_INFORMATION SHOWN_:

_ _ _

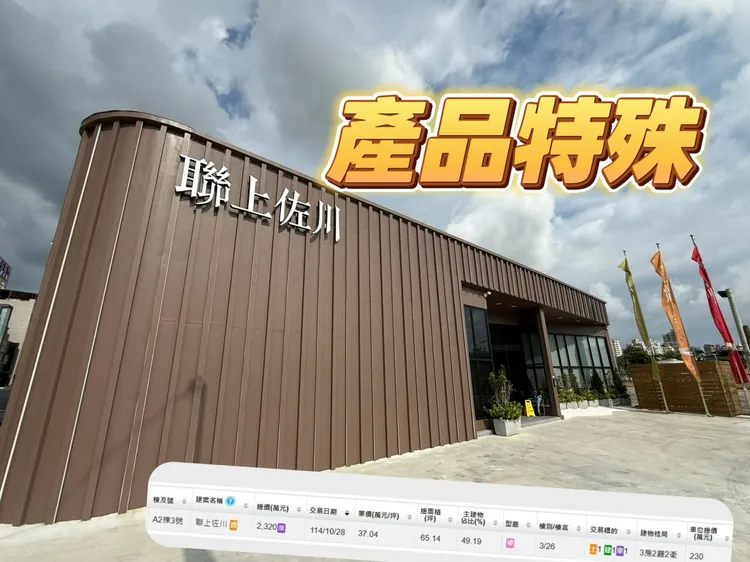 河堤社区预售屋大楼「联上佐川」，3楼65.14坪内含1个地下5楼单价230万元车位，总价成交2320万元，若拆算后每坪成交37.04万元，河堤出现3字头，主因就是坪数大，购屋总价带高，加上工程期长达8年。叶家铭摄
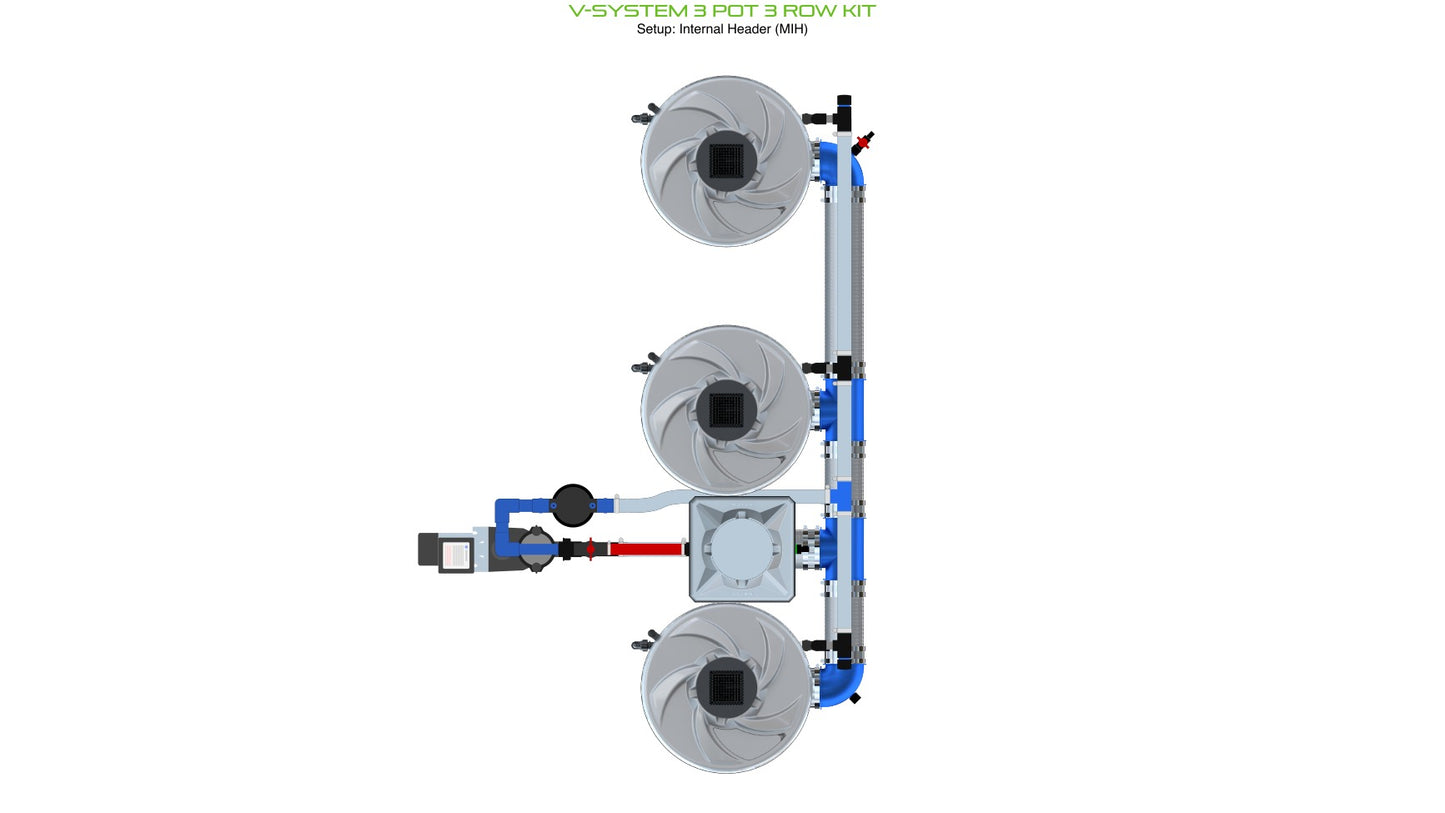 ALIEN Hydroponics V-SYSTEM 3 Pot 3 Row Kit product image 1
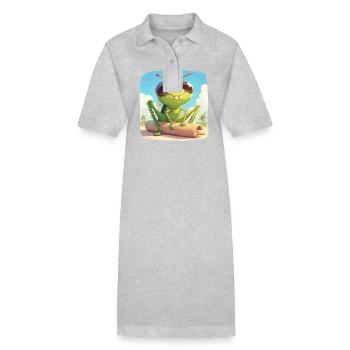 Grillen Grille - Stanley/Stella Frauen Bio-Polokleid PAIGER - Grau meliert - Vorne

_ _ _

Take the data above and set it down exactly, images excluded.

 河堤社区预售屋大楼「联上佐川」，3楼65.14坪内含1个地下5楼单价230万元车位，总价成交2320万元，若拆算后每坪成交37.04万元，河堤出现3字头，主因就是坪数大，购屋总价带高，加上工程期长达8年。叶家铭摄
 ALIEN Hydroponics V-SYSTEM 3 Pot 3 Row Kit product image 1
 Grillen Grille - Stanley/Stella Frauen Bio-Polokleid PAIGER - Grau meliert - Vorne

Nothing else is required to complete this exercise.